Le vin est la seule industrie que je connaisse qui soit en forte décroissance et qui refuse les opportunités de l’innovation. C’est comme le débat sur le vin désalcoolisé pour savoir si c’est encore du vin… On s’en fiche ! Pourquoi s’érige-t-on en gardien du temple ? Une partie du vignoble est en train de mourir, mais elle clame qu’elle ne descendra pas en dessous de 8°alc… Ces débats n’ont selon moi pas de sens. L’industrie n’arrive pas à répondre aux attentes des consommateurs. Il y aurait des opportunités à sortir du vin en vrac peu valorisé pour avoir une offre plus lifestyle. La teneur en sucre est un autre exemple : c’est un sujet important pour les nouveaux consommateurs (pour mémoire, 50 % de la generation Z aux Etats-Unis est en surpoids), mais la filière refuse d’être transparente sur ce sujet. Alors que la consommation de vin en France par générations a de quoi inquiéter. C’est à nous d’aller vers les jeunes, pas l’inverse.
Rajeunir la population des consommateurs semble être le graal pour la filière vin…

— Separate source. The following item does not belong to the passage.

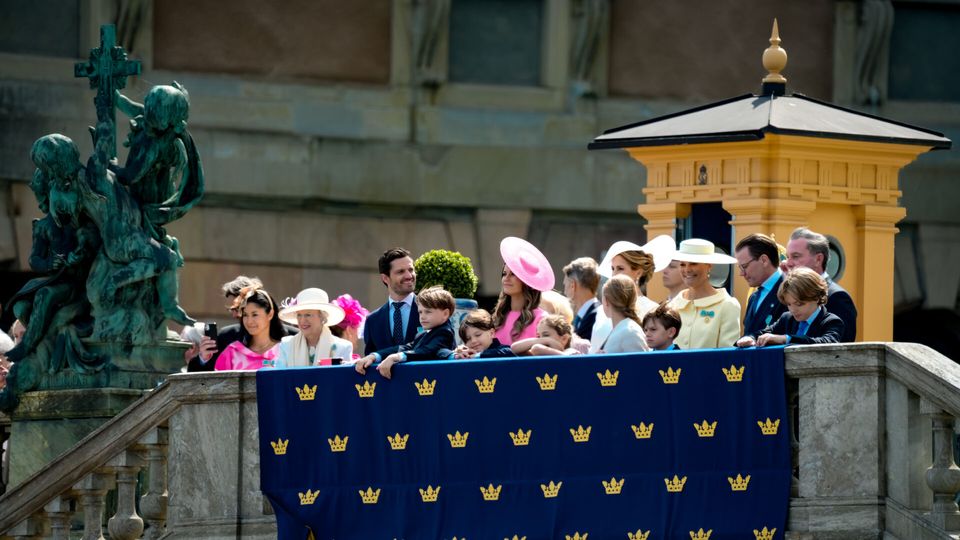 King and Queen’s Golden Wedding Jubilee — photo 20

Lors d’une intervention au Vinocamp en 2018, le politilogue Jérôme Fourquet disait qu’au 20ème siècle la culture du vin participait à la cohésion à la société comme référentiel judéo-chrétien, mais ce n’est plus le cas au 21ème siècle. La France est devenue une société multiculturelle, un « archipel », et, selon lui, le vin ne sera pas sanctuarisé pour toujours. Quand il le disait, ça rigolait dans la salle. C’est plus facile à entendre maintenant. Le CNIV (Comité National des Interprofessions de Vins à Appellation d'Origine et à Indication Géographique) prévoit une diminution de 22 % de la consommation de vin d’ici 10 ans (entre 4,5 et 6,4 millions d’hectolitres seraient perdus d’ici à 2034, en se fondant sur des hypothèses d’évolutions démographiques et de modes de vie). En grande distribution l’an passé, le linéaire vin a perdu 1,3 mètre d’après le journaliste Olivier Dauvers. Je ne vois aucun signal de changement de la consommation, le vin ne sera plus le même demain. Quand le président de Tutiac, Stéphane Héraud, dit que l’arrachage de 100 000 hectares va changer le paysage, il a raison. Mais il a déjà beaucoup changé quand on compare la carte du vignoble entre 1970 et 2010. Nous sommes aujourd’hui dans une période de correction de l’industrie. Et pas qu’en France, on arrache aussi en Californie, au Chili, en Australie…
Carte de l'évolution des communes viticoles en France entre 1970 et 2010.
Peut-on révolutionner la distribution des vins pour relancer la consommation ou est-ce une cause perdue par rapport à la tendance sociétale évoquée ?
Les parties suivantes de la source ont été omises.